Although the listing contains pictures, reproduce only its text, exactly as written.

**Data provided**
*-*-*
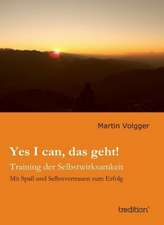 Yes I Can, Das Geht!: Overrompeling Eener Plantage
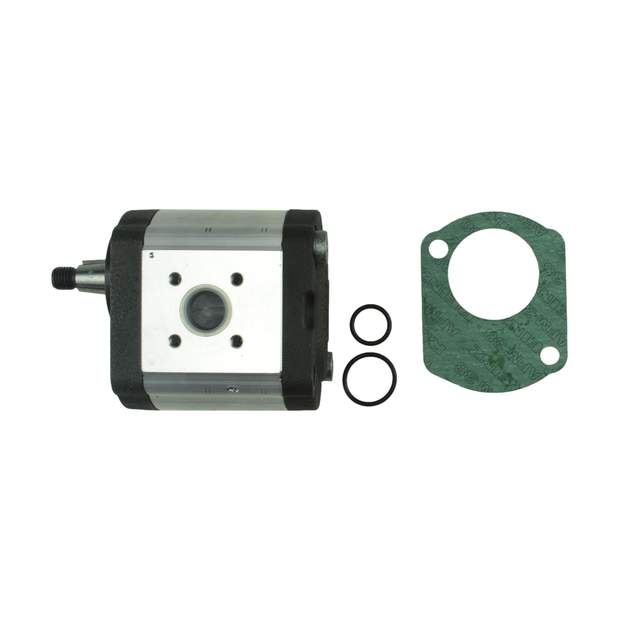 Bosch Hydraulikpumpe 16 ccm fr Deutz 06 - 07 - DX / Fendt Farmer 100 200 - Favorit 2 2S 500 600 - GT - Xylon 0510615317 - 0510 615 317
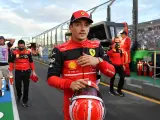 Charles Leclerc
*-*-*
**Output of the task**
 Yes I Can, Das Geht!: Overrompeling Eener Plantage
 Bosch Hydraulikpumpe 16 ccm fr Deutz 06 - 07 - DX / Fendt Farmer 100 200 - Favorit 2 2S 500 600 - GT - Xylon 0510615317 - 0510 615 317
 Charles Leclerc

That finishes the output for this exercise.